Problem details: Word for word, retype the tail of the data below, starting with the line that has "Glass Door Locks Iluka - WA" and including the last line.
[Opening Dataset section]
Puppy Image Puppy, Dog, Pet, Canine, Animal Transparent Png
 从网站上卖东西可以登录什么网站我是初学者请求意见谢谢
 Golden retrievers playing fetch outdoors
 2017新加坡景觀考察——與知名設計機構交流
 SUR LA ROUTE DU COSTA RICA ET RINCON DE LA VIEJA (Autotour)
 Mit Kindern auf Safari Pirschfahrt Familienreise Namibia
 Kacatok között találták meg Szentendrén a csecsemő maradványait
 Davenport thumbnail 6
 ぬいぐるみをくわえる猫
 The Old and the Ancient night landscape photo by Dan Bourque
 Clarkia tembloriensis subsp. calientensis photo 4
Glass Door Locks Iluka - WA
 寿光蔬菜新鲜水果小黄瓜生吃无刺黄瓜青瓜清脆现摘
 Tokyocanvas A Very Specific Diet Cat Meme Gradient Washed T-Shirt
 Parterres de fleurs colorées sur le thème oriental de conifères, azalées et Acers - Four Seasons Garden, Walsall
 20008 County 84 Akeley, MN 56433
[Closing Dataset section]
Finished exercise:
Glass Door Locks Iluka - WA
 寿光蔬菜新鲜水果小黄瓜生吃无刺黄瓜青瓜清脆现摘
 Tokyocanvas A Very Specific Diet Cat Meme Gradient Washed T-Shirt
 Parterres de fleurs colorées sur le thème oriental de conifères, azalées et Acers - Four Seasons Garden, Walsall
 20008 County 84 Akeley, MN 56433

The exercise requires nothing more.